§ **Activity**
Pictures aside, each entry has to be returned exactly as it stands.

(Source information begins)

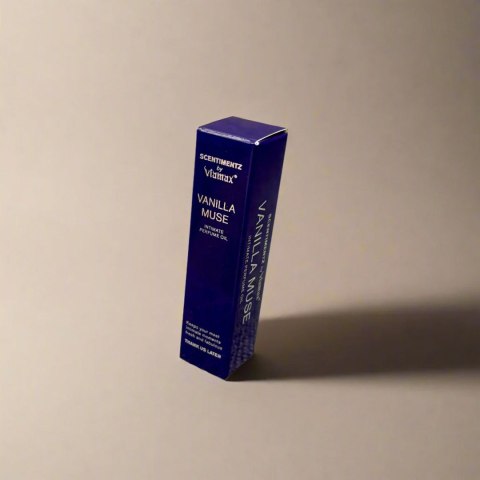 Vanilla Muse Unisex Perfume Oil 10ml VIAMAX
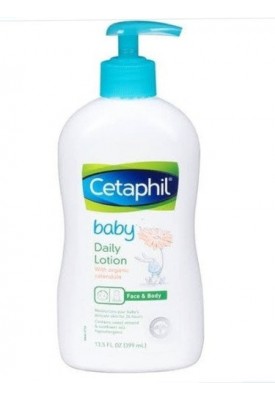 Cetaphil Baby Daily Lotion - Hidratante Baby Com Calendula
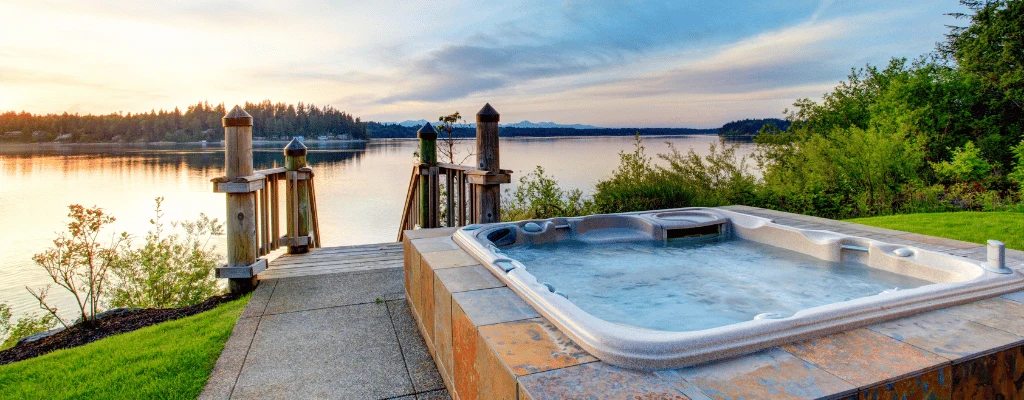 Swim Spas — premium selection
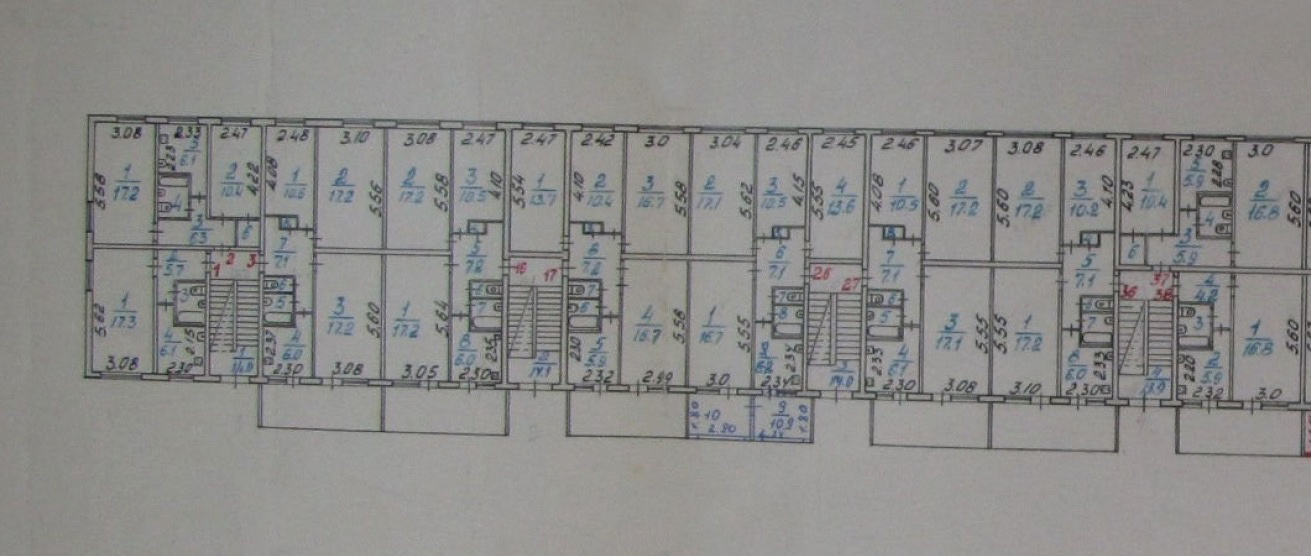 Inozemtsevo, Улица 50 лет Октября, 7. Other Projects — Drawings and Plans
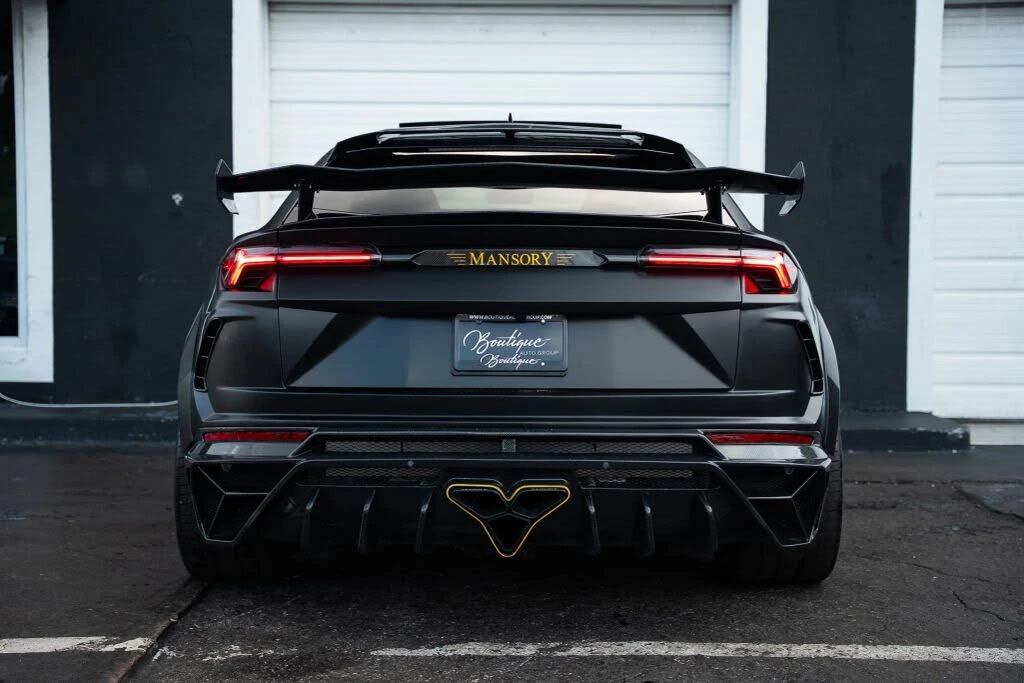 2021 Lamborghini Urus - Image 5 of 31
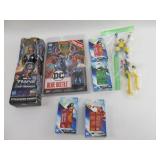 DC Marvel Comic Toy Lot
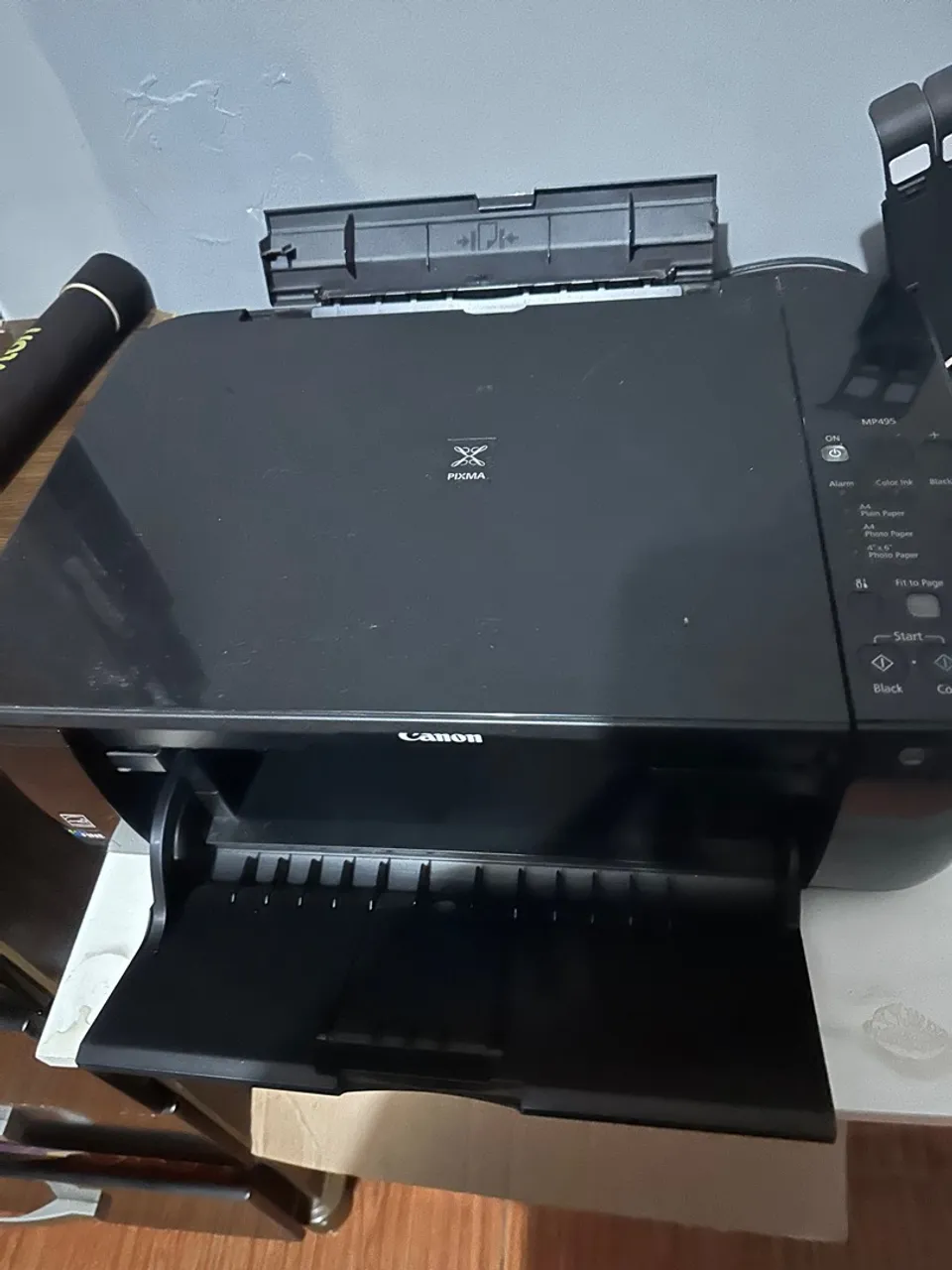 Impressora Multifuncional Canon PIXMA MP495
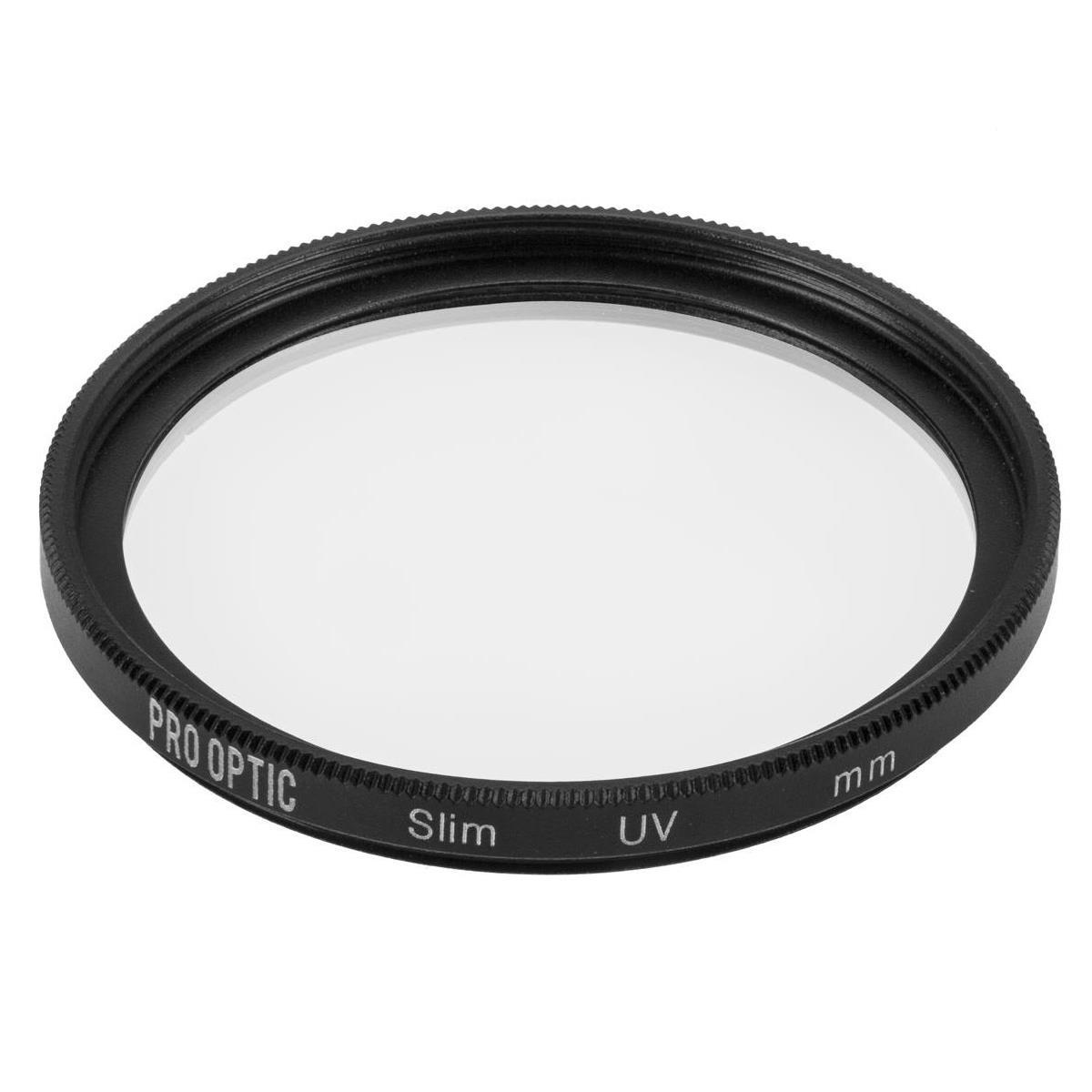 ProOPTIC Pro Digital 49mm Multi Coated UV Slim Filter – купить с доставкой  из-за рубежа через платформу «CDEK.Shopping»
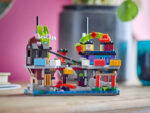 LEGO Mikromodell der Märkte von NINJAGO® City 40706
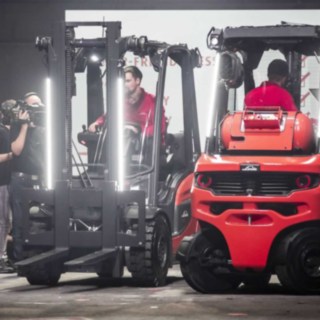 H20 H35 Engine Counterbalance Truck H20 H35 Engine Counterbalance Truck
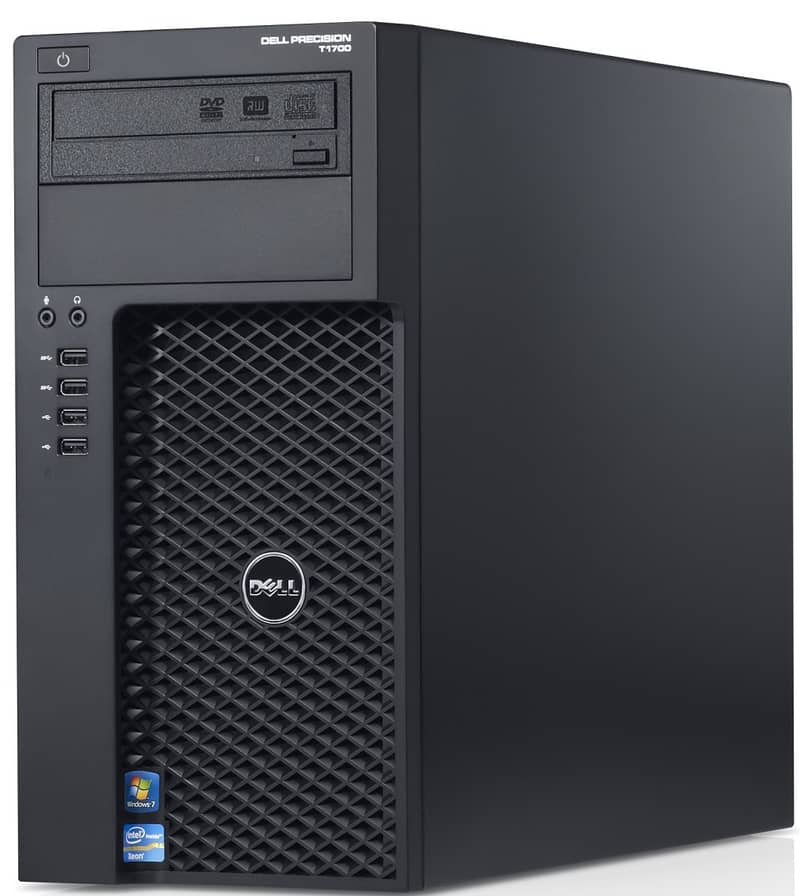 Dell Precision T1700 - Core i5 4690 3.30 GHz 8Gb DDR 3 1333 0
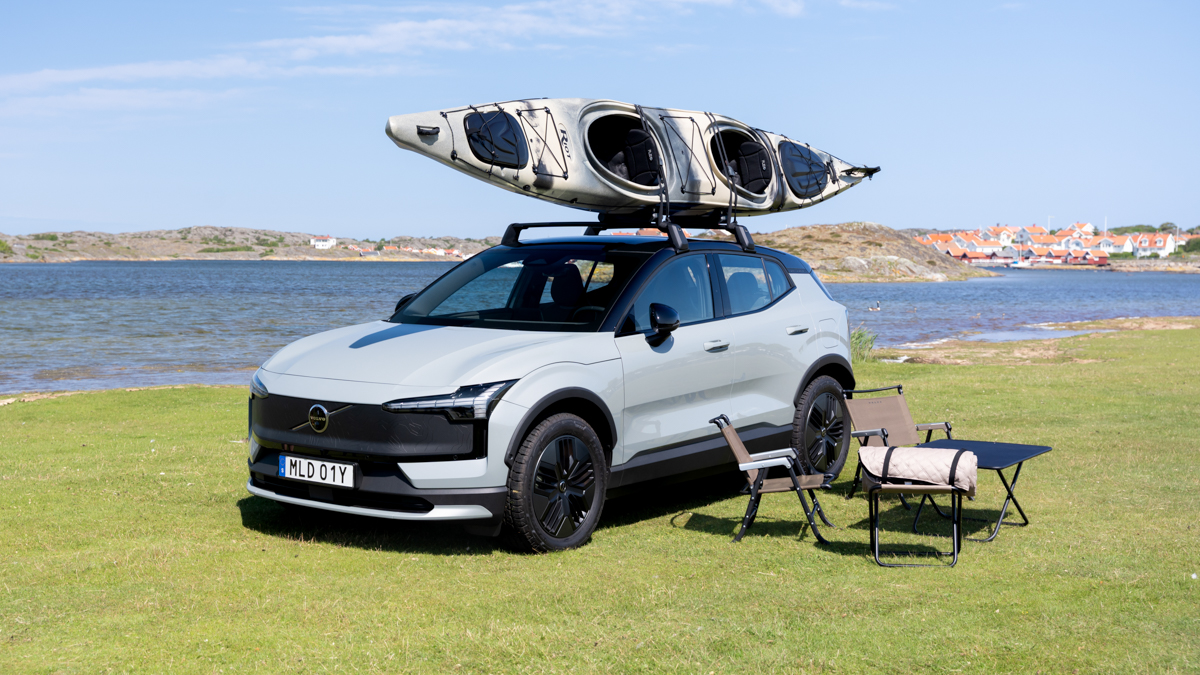 Volvo EX30 Cross Country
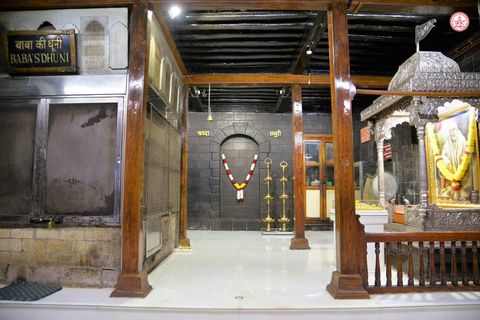 مومباي: جولة لمدة 4 أيام في معابد جوتيرلينجا وشيريدي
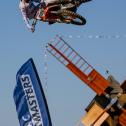 Mike Gwerder ( Schweiz / KTM / HTS ‐ KTM RACING TEAM ) beim ADAC MX Masters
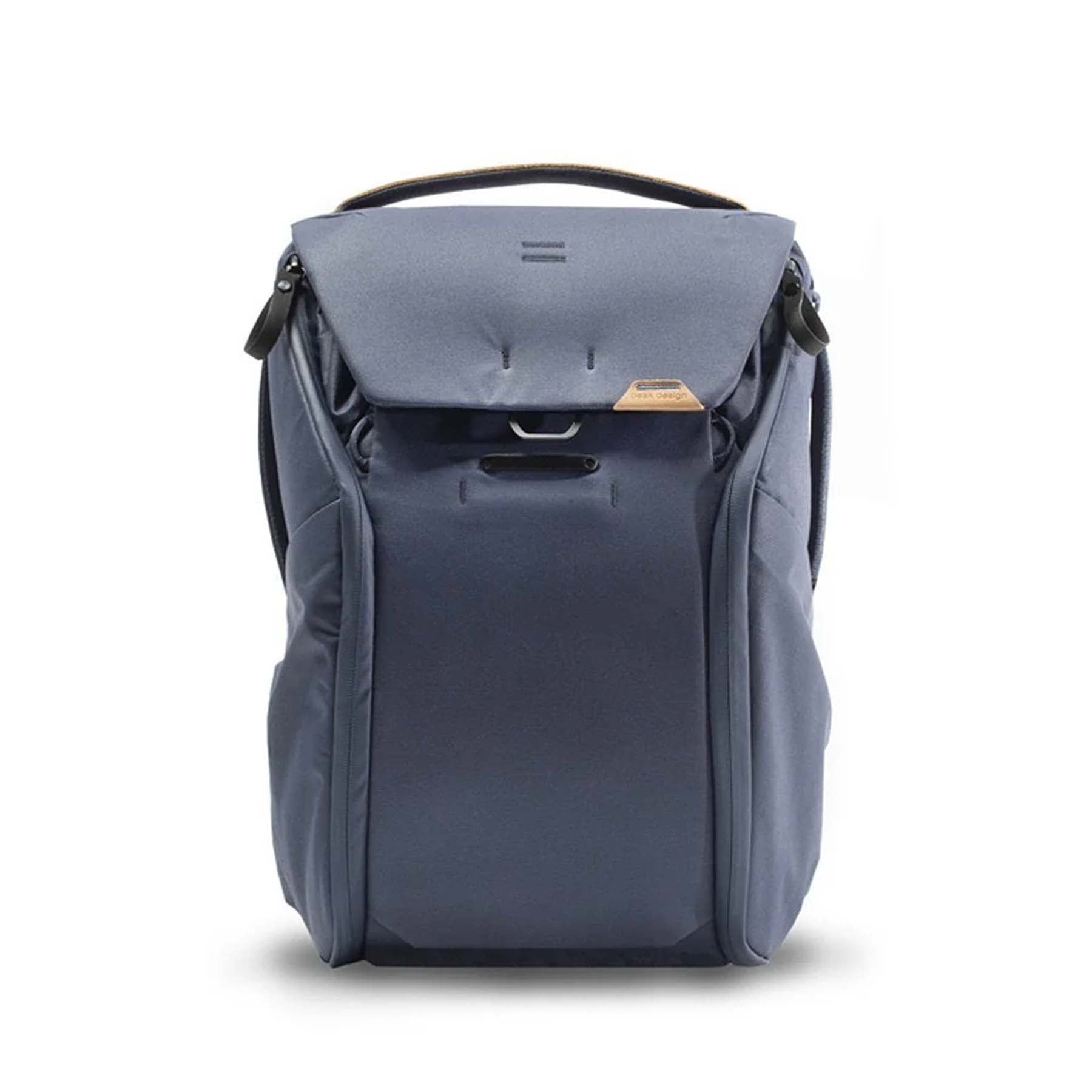 Peak Design Everyday Backpack 20L - Durable Camera & Travel Backpack for Photographers - Waterproof Laptop Bag with Customizable Storage - Perfect for Commuting, Hiking & Urban Adventures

(Source information ends)

§ **Solved problem**
 Vanilla Muse Unisex Perfume Oil 10ml VIAMAX
 Cetaphil Baby Daily Lotion - Hidratante Baby Com Calendula
 Swim Spas — premium selection
 Inozemtsevo, Улица 50 лет Октября, 7. Other Projects — Drawings and Plans
 2021 Lamborghini Urus - Image 5 of 31
 DC Marvel Comic Toy Lot
 Impressora Multifuncional Canon PIXMA MP495
 ProOPTIC Pro Digital 49mm Multi Coated UV Slim Filter – купить с доставкой  из-за рубежа через платформу «CDEK.Shopping»
 LEGO Mikromodell der Märkte von NINJAGO® City 40706
 H20 H35 Engine Counterbalance Truck H20 H35 Engine Counterbalance Truck
 Dell Precision T1700 - Core i5 4690 3.30 GHz 8Gb DDR 3 1333 0
 Volvo EX30 Cross Country
 مومباي: جولة لمدة 4 أيام في معابد جوتيرلينجا وشيريدي
 Mike Gwerder ( Schweiz / KTM / HTS ‐ KTM RACING TEAM ) beim ADAC MX Masters
 Peak Design Everyday Backpack 20L - Durable Camera & Travel Backpack for Photographers - Waterproof Laptop Bag with Customizable Storage - Perfect for Commuting, Hiking & Urban Adventures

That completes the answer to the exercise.